Patients characterized by both assessments as low risk did not receive adjuvant chemotherapy. Chemotherapy was recommended for those characterized as high risk by both methods. Those with discordant results, meaning low by one measure and high by another, were randomized to adjuvant chemotherapy or no adjuvant chemotherapy.

Five-year DMFS was 97.6% among the women who were low risk by both assessment methods, but 90.6% among the women who were high risk by both methods and received adjuvant chemotherapy.

The discordant groups had a DMFS rate in between that of the “concordant” groups (low-low and high-high). The 5-year DMFS rates were 94.8% and 95.1% in the patients who were clinically low risk/genomically high risk and clinically high risk/genomically low risk, respectively.

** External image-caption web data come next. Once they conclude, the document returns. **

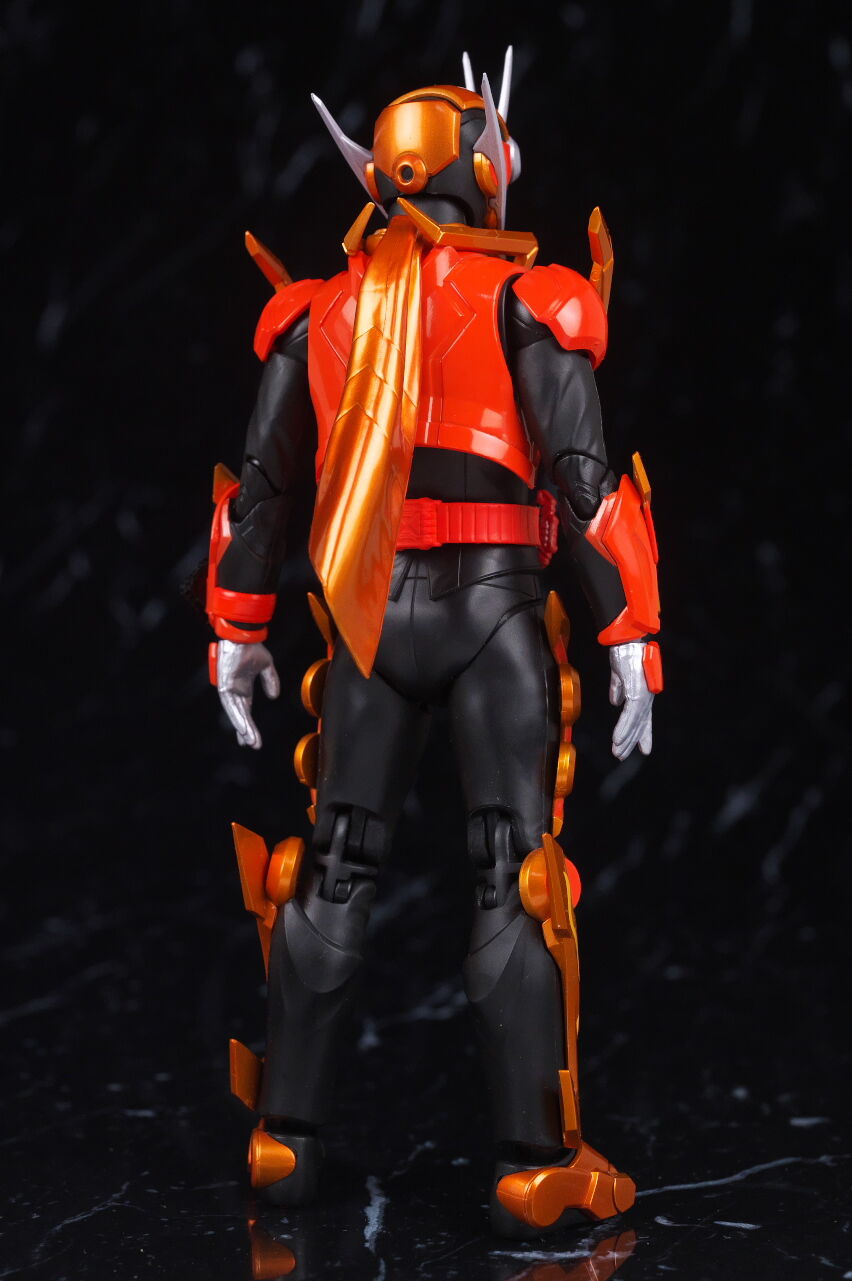 S.H.フィギュアーツ 仮面ライダーファイヤーガッチャードデイブレイク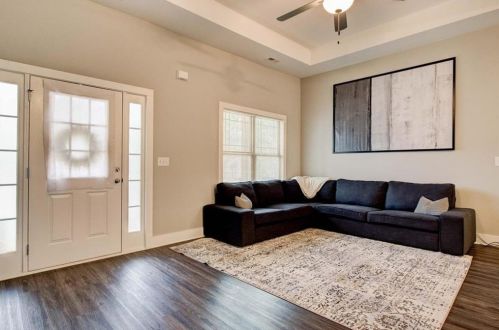 225 Brookshire Dr, Temple, GA 30179-3660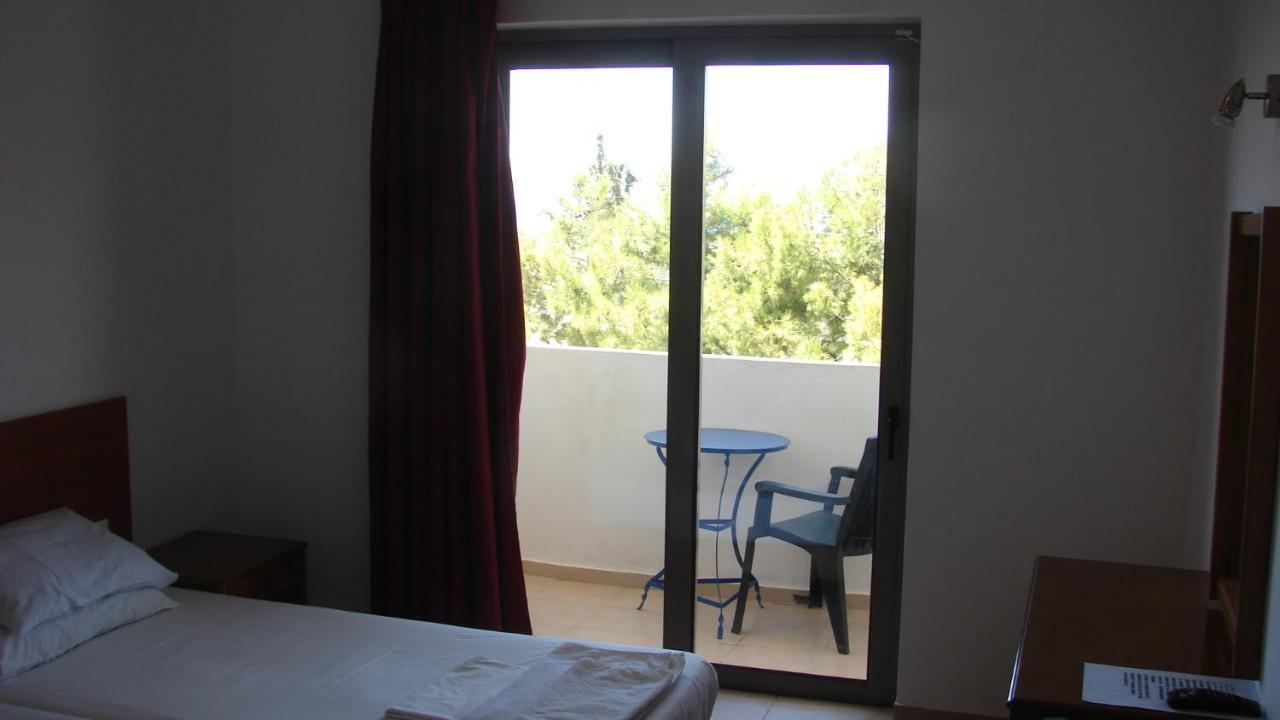 Apostolis Studios Apartments 3 *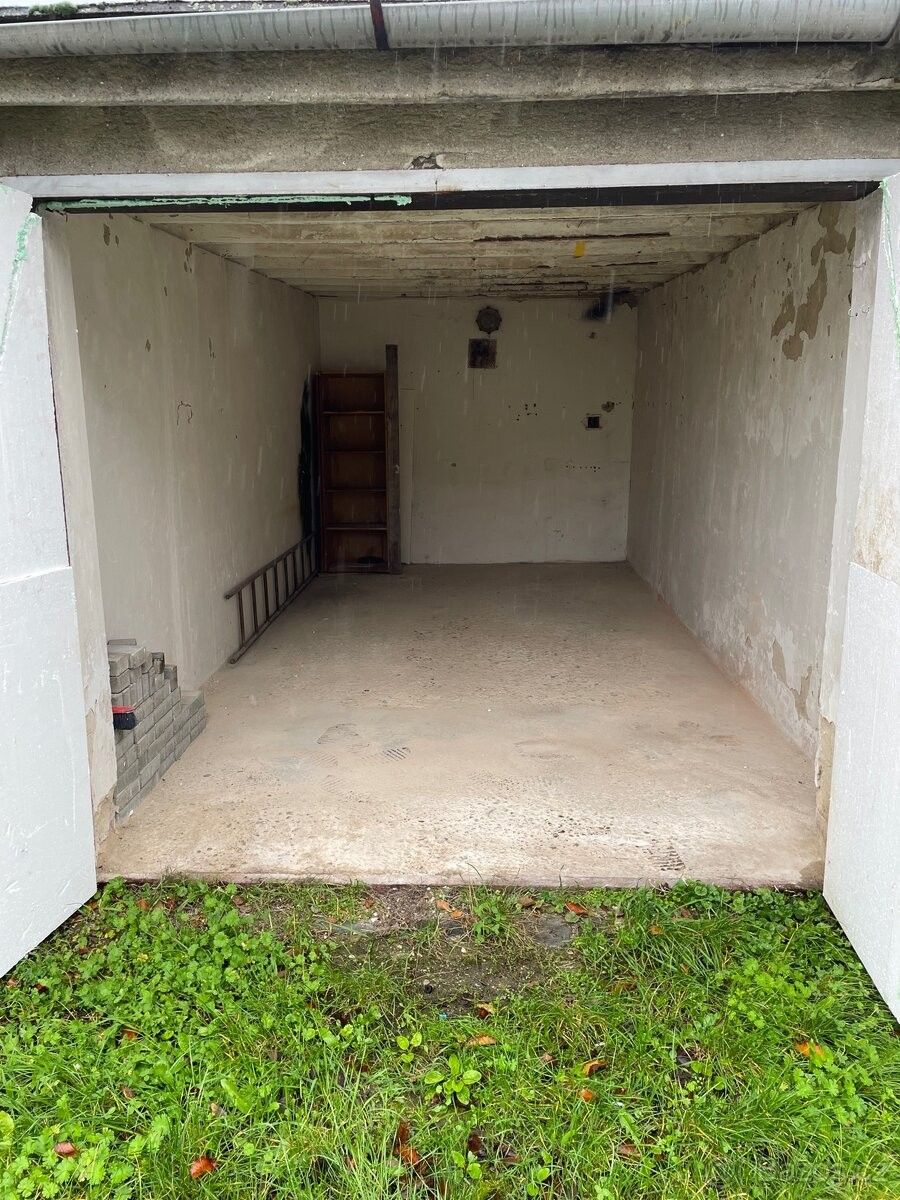 Prodej garáž - Břeclav, 690 03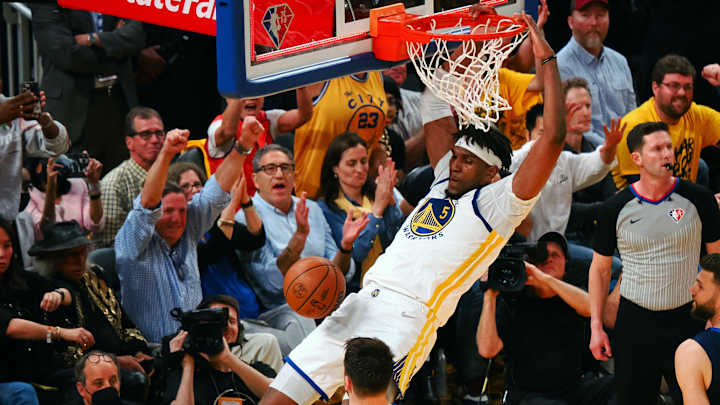 Kevon Looney Helps Warriors Beat Mavericks, Scores Most Points Since UCLA Days Kevon Looney Helps Warriors Beat Mavericks, Scores Most Points Since UCLA Days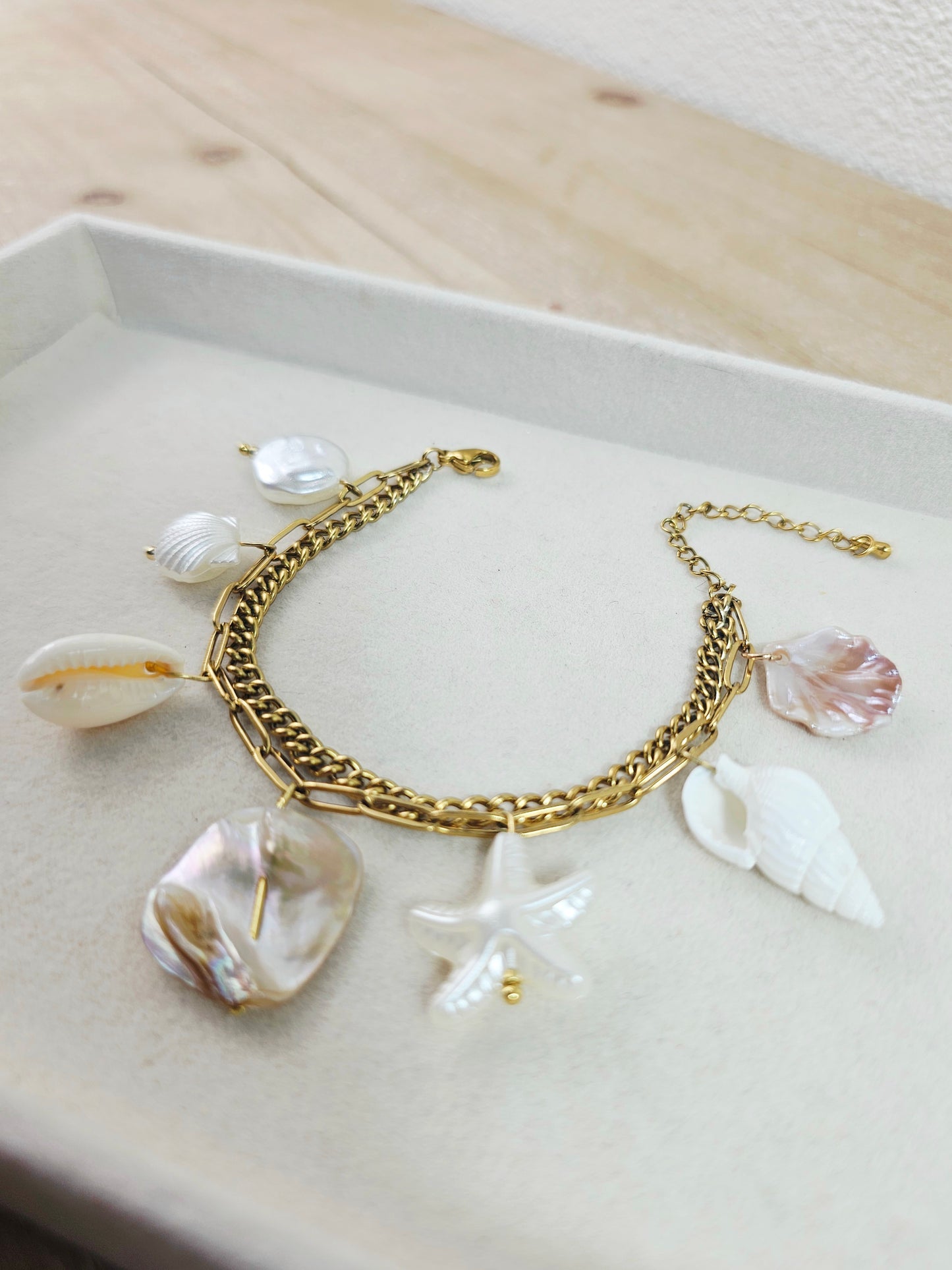 BRACELET | On the beach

“I think we will see more of these assays used over time,” O’Shaughnessy said. “Both to find the most favorable risk group, as well as to help us to find what to do with chemotherapy in the intermediate risk group.”

References

  1. What is the Oncotype DX Breast Cancer Test? Genomic Health website. oncotypeiq.com/en-GB/breast-cancer/healthcare-professionals/oncotype- dx-breast-recurrence-score/about-the-test. Accessed July 6, 2018.
  2. Sparano JA, Gray RJ, Wood WC, et al. TAILORx: phase III trial of chemoendocrine therapy versus endocrine therapy alone in hormone receptor-positive, HER2-negative, node-negative breast cancer and an intermediate prognosis 21-gene recurrence score. J Clin Oncol. 2018;36(suppl, abstr LBA1) meetinglibrary.asco.org/record/161490/abstract.
  3. Gradishar WJ, Anderson BO, Balassanian R, et al. NCCN guidelines version 1.2018: breast cancer. NCCN website. nccn.org/professionals/physician_ gls/pdf/breast.pdf. Published March 20, 2018. Accessed July 6, 2018.
  4. MammaPrint 70-Gene breast cancer recurrence assay. Agendia website. agendia.com/healthcare-professionals/breast-cancer/mammaprint/. Accessed July 6, 2018.
  5. Knauer M, Mook S, Rutgers EJ, et al. The predictive value of the 70-gene signature for adjuvant chemotherapy in early breast cancer. Breast Cancer Res Treat. 2010;120(3):655-661. doi: 10.1007/s10549-010-0814-2.
  6. Piccart M, Rutgers E, van’t Veer L, et al. Primary analysis of the EORTC 10041/ BIG 3-04 MINDACT study: a prospective, randomized study evaluating the clinical utility of the 70-gene signature (MammaPrint) combined with common clinical-pathological criteria for selection of patients for adjuvant chemotherapy in breast cancer with 0 to 3 positive nodes. Presented at: AACR Annual Meeting 2016; April 16-20, 2016; New Orleans, LA. Abstract CT-039. cancerres.aacrjournals.org/content/76/14_Supplement/CT039.
  7. Kuznar W. 70-Gene signature identifies breast cancer subgroup unlikely to benefit from adjuvant chemo. OncLive. April 18, 2016. onclive. com/conference-coverage/aacr-2016/70-gene-signature-identifies- breast-cancer-subgroup-unlikely-to-benefit-from-adjuvant-chemo. Accessed July 24, 2018.